To Everything There Is A Season



Six whole months ago I joined the Pilsdon community. The Earth has spun halfway round the Sun in the meantime. Spring has sprung, Summer has been summoned and Autumn is beginning to Fall.  An entirely new person has since been ushered into life in the form of baby River. Thirteen entirely new piglets have also been welcomed to planet Earth although sadly their mother had to be taken to the abattoir yesterday as she had developed a malignant tumour on her udder. Twelve lambs have been born, lived their lives, been dispatched and are now in the freezers. One bullock was slaughtered in May and has since been consumed, four remain out in the fields looking over their shoulders nervously.  The vegetable garden has blossomed, bloomed, fruited and in large part been harvested and filled our collective stomach.
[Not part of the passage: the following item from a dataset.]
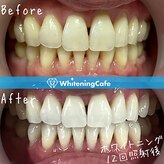 ホワイトニングカフェ 黒崎店(WhiteningCafe)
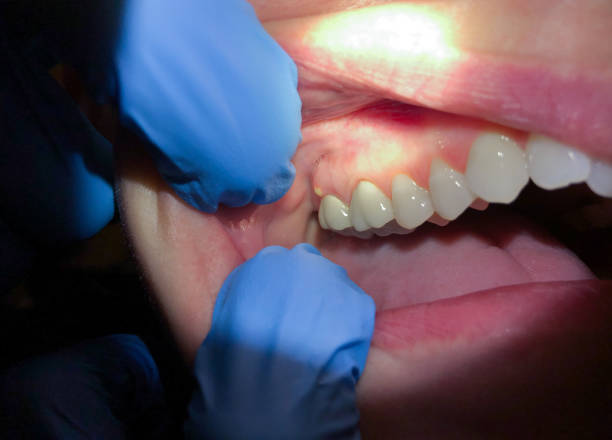Best Teeth Whitening  in Ridgeland, MS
I have become highly attuned to the rhythms of daily life here. Like a true Pavlovian, bells dictate my comings and goings, ten a day. I can tell to a high degree of accuracy who it is ringing the church bell by the frequency and timbre of its peal. Inside the church, without looking I know who is entering by the sound of their footsteps.
 
The community has grown slightly in numbers but is always evolving through the interplay of relationships. Friendships are struck up, and are either deepened or soured. Enmities also are forged as harsh words are spoken at the wrong moment. One gruff old bloke only ever smiles when he is playing with the baby. Tempers occasionally flare but shortly everything is calm again. Everyone on the whole cares for one another. If someone is not at the meal table, they will be looked for. People help with the washing up after supper despite not being on the rota for it. Some agree to have their portraits painted by our resident artist-thespian although not many could sit still for long enough (blame the medication). I very kindly looked after baby River while his mother took my job of shifting a ton of compost from one compartment to another. (She offered!) It’s been said that the key to sustaining a community such as this is simply people being able to say “Thank You” and “Sorry”.
 
I still consider myself very much a novitiate in the dark arts of gardening but I have perhaps progressed a rung or two. It seems to require the ability to keep a lot of plates spinning very slowly. Weeds don’t grow especially quickly - if you stare at one it just stays still and stares back insolently - but if you get on with the hundred other tasks of sowing, potting on, watering, erecting cane frames, mulching, forking the soil, turning compost, harvesting, etc, they just silently take over. However the sheer delight in being able to pick a few sweetcorn for the kitchen from the six foot high plants knowing that a few months ago they were just tiny seeds has not yet worn off.
 
There’s talk of putting together a pantomime for Christmas. I should still be here for it as Pilsdon have agreed to extend my six months by at least another three, and possibly till next March. Time to dust off my back-half-of-a-donkey suit I guess.


2 comments:

James said...

Very well written. I didn't realise you were so literate!

Matt Swan said...

Why thank you.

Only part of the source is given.